В «Комаровской хронике» очень много смертей. Но смерть на «материке» устойчивом, извечном, оказывается, совершенно не то самое, что смерть на «материке», который начал опускаться, расползаться, исчезать «под водой»... В первой «тетради» «Хроники» мертвых хоронят тоже скорбя и со слезами искренними, горячими. И все же смерть стариков и смерть ребенка видится как часть жизни устойчиво-привычной: «бог дал — бог взял!», «что ж, пожил свое!», «было бы здоровье — будут еще и дети!». Да, страсти всегда были страстями, а страдания человеческие — страданиями. Но только, оказывается, и умирать человеку легче, когда все знакомым ходом идет (родился — пожил — умер), а не врывается извне как некая злая неожиданность.
В первой «тетради» «Комаровской хроники» люди умирают, как живут: по-крестьянски просто. Чаще всего так. И для того, кто умирает, и для близких оно, конечно, трагедия. Но совсем не та, что нарушает сам ход жизни.
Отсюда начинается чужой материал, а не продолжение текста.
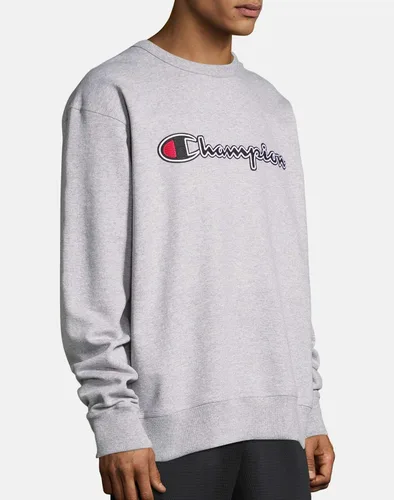 Vista 36 de Champion Sudadera de forro polar de peso medio con cuello redondo para hombre (regular o grande y alto)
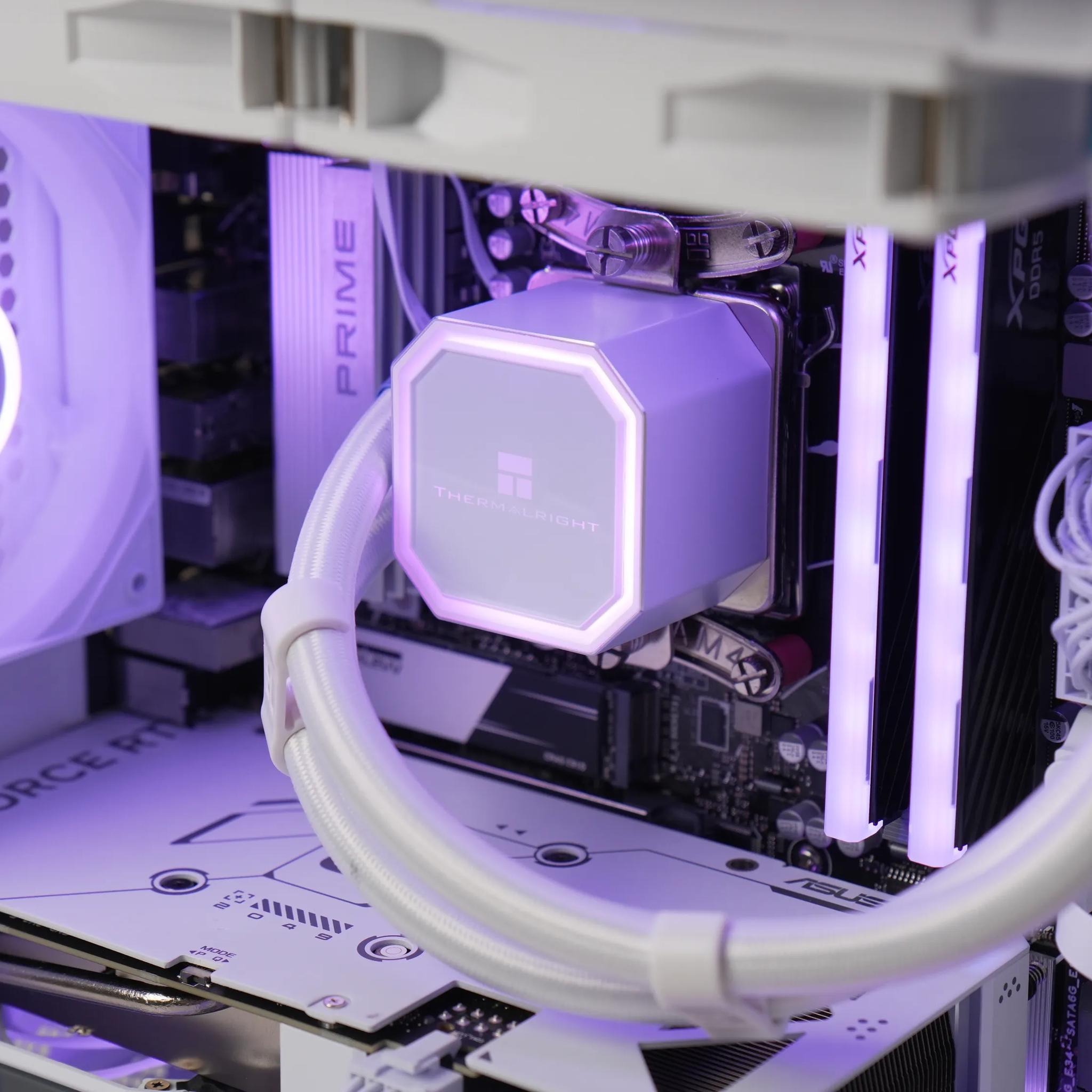 Liquid Cooled Gaming PC | RYZEN 5 7600 | RTX 4060 | 32GB DDR5 | 1TB SSD | WiFi + BT | Windows 11 |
Такие смерти включены в извечный поток жизни, о них повествуется и о них помнится рядом с заботами о погоде, урожае, отеле, свадьбе, крестинах...
Умерла у Ганны Задумы первая девочка. «Стахван доски пилил с Филиппом Скнарицей на той стороне, у Банадыся Ножика (сына Артема). Деньги зарабатывали». Очень уж Ганна жалела, любила свою девочку. Долго потом по ней плакала, горевала. Но вот: «Умерла к вечеру, когда потемнело. На руках у Ганны умерла. Полута побежала звать Стахвана, а Ганна ей говорит: «Не надо было звать, пусть бы поужинал: растревожится — ужинать не будет».
И сам человек, взрослый, старый, которому очередь подошла, конец своей жизни часто встречает как последнюю свою работу, последнюю заботу. Старается, насколько еще способен, не перекладывать ее на других. Потому и готовит старый человек заранее себе гроб, а старая женщина — положенный убор.